The White House continued its outreach to Republicans who it hoped would break ranks and vote for the bill. On Friday, however, the GOP presented a unified front. Republican senators wrote in a letter to Senate Majority Leader Harry M. Reid (Nev.): "We are united in our opposition to the partisan legislation."
"As currently constructed," the letter continued, "this bill allows for endless taxpayer bailouts of Wall Street and establishes new and unlimited regulatory powers that will stifle small businesses and community banks."
Administration officials countered that the Senate bill, as written, would preclude the need for the type of taxpayer-funded bailouts that rescued the financial system from collapse. The legislation would also establish a mechanism to wind down large firms whose failure could cause reverberations across the entire financial system. In addition, hedge funds, derivatives -- contracts that bet on which way commodities, stocks and other asset prices will move -- and other previously unregulated parts of the financial system would be brought into the daylight.
The legislation stops short of reinventing the country's multilayered bank regulations. Rather than revamping entire regulatory agencies, supervisors would gain broader powers in many cases. Only one out of the nation's five banking supervisors would be merged into another agency.
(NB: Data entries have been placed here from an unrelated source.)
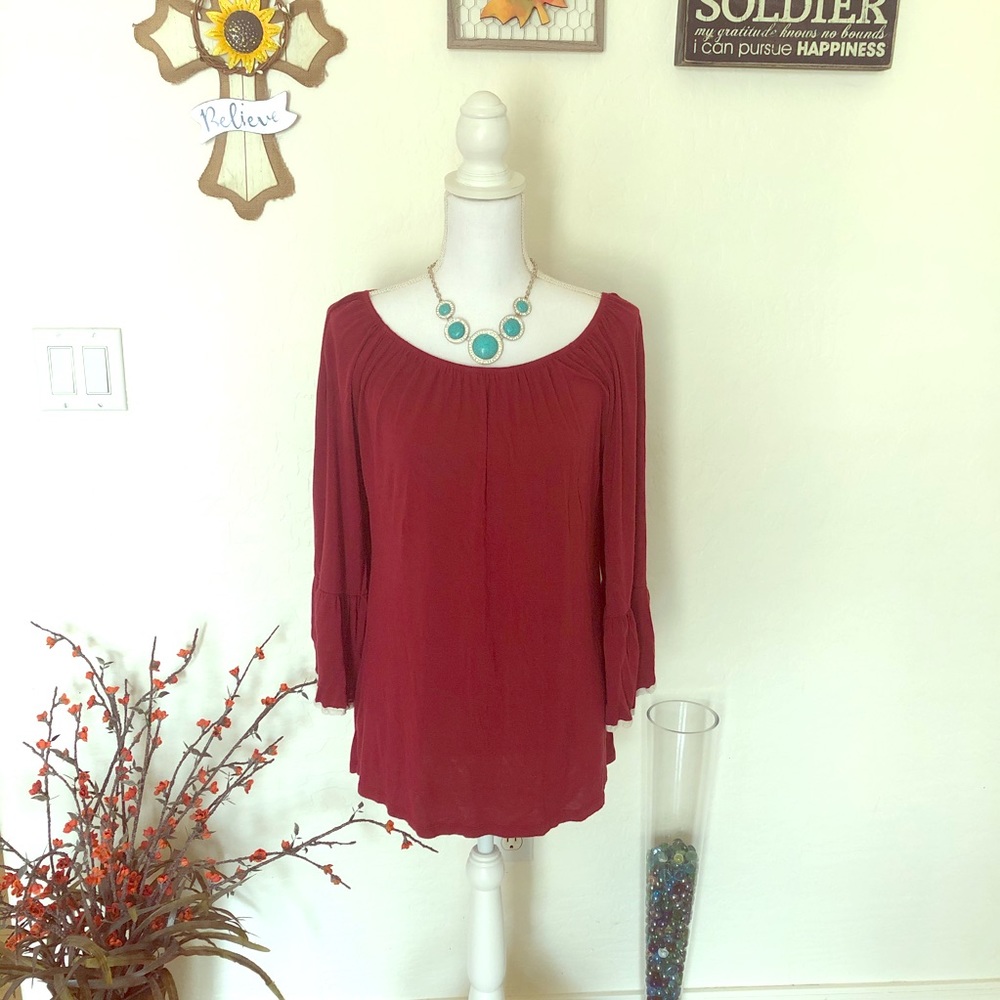 Pink Coconut Boho Top -Cream Crotchet
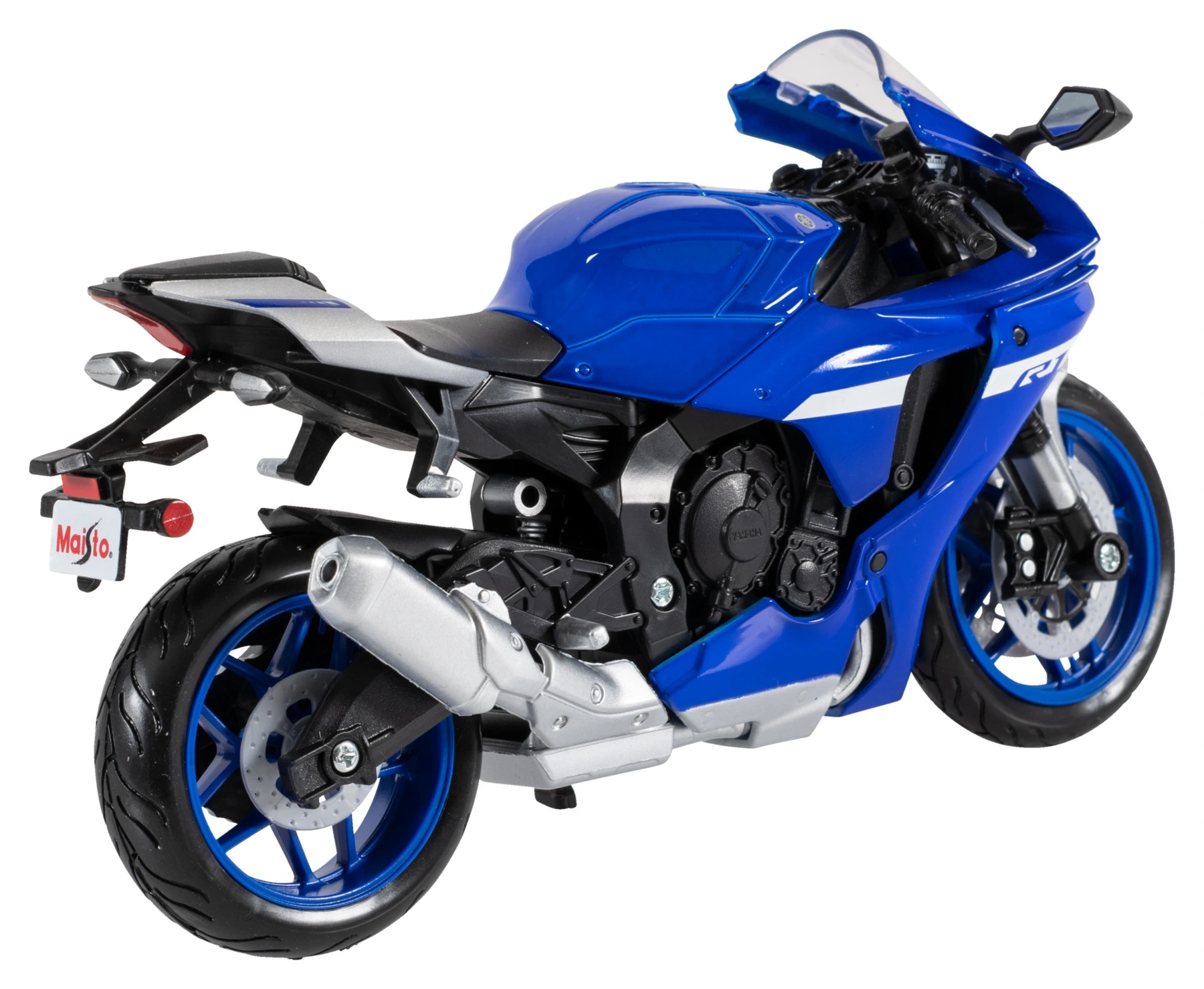 YAMAHA YZF R1 AN.21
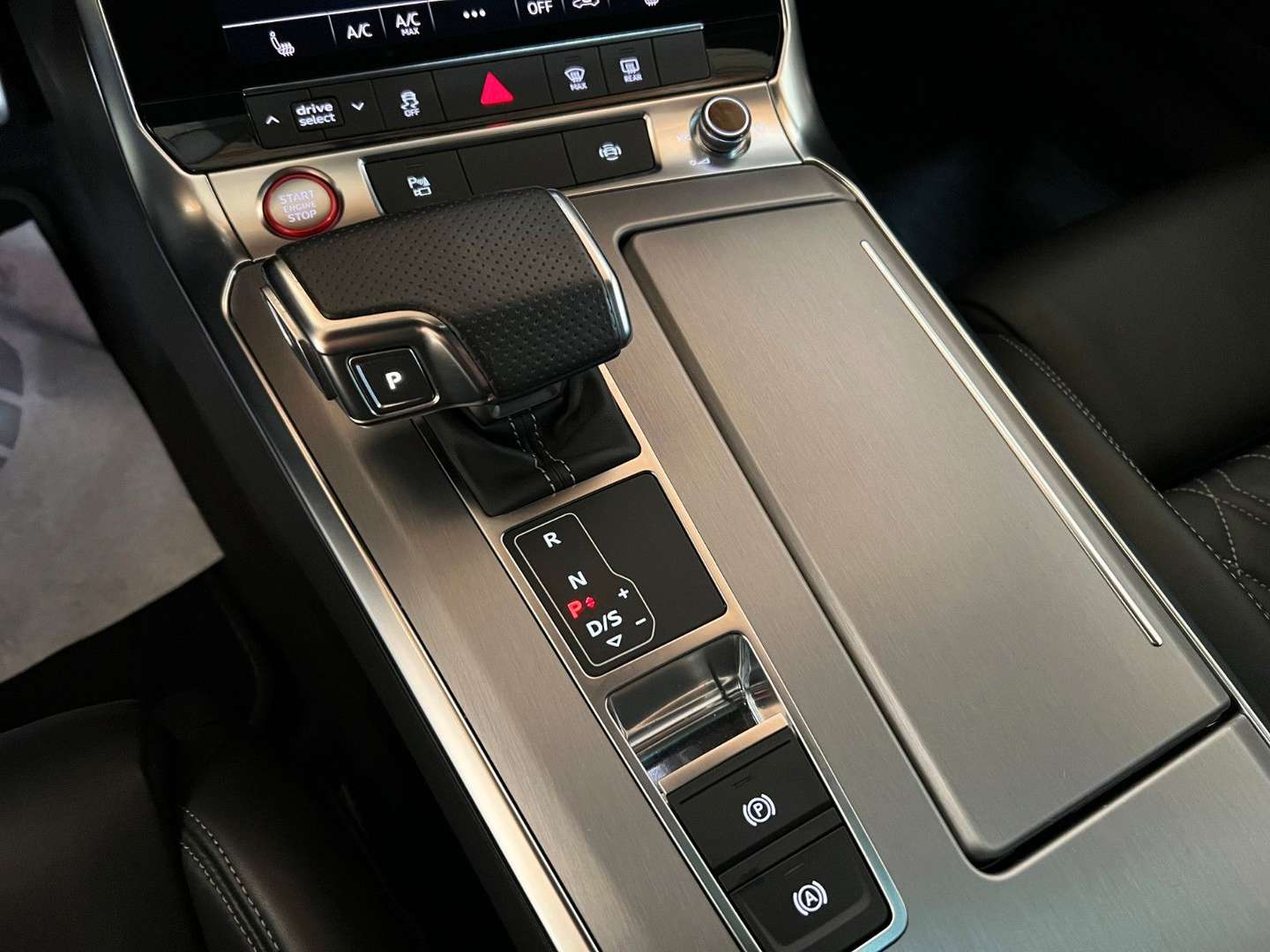 Audi S7 Sportback 3.0 TDI - 2019 - Joinsteer - #13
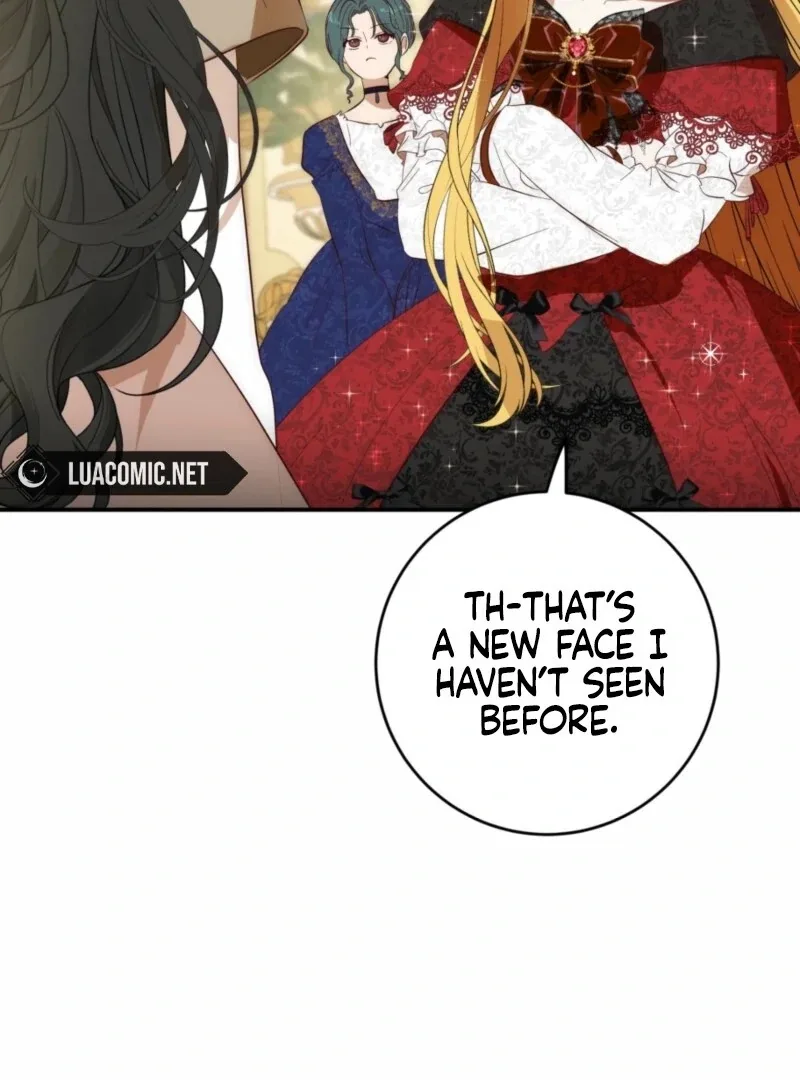 How to Survive as the Daughter of the Emperor Who Killed Me Chapter 7 page 6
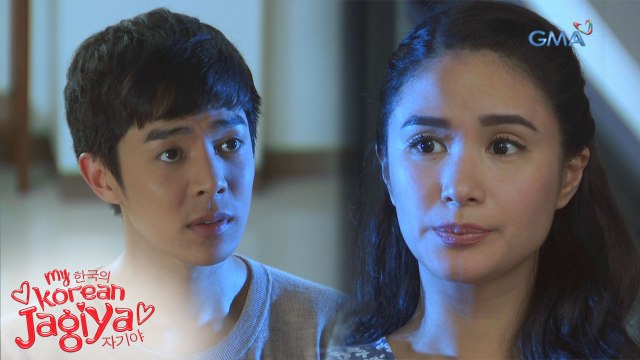 My Korean Jagiya: Jun Ho’s marriage proposal to Gia | Episode 16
Democrats are considering changes to address the political concerns raised about the bill. Republican leaders have focused their criticisms this week on a $50 billion fund, paid for by the financial industry, that would be used to cover the cost of taking over failing companies that pose a wider risk to the financial system. Senate Minority Leader Mitch McConnell (Ky.) said this fund could lead to establishing a "permanent bailout" for big banks, an assertion the White House and other Democrats deny.
Administration officials said they would not oppose dropping the $50 billion fund provision, which they say was originally suggested by Republicans on the Senate banking committee. In addition, Democrats are considering a tax on big banks to cover the cost of the bailout initiative.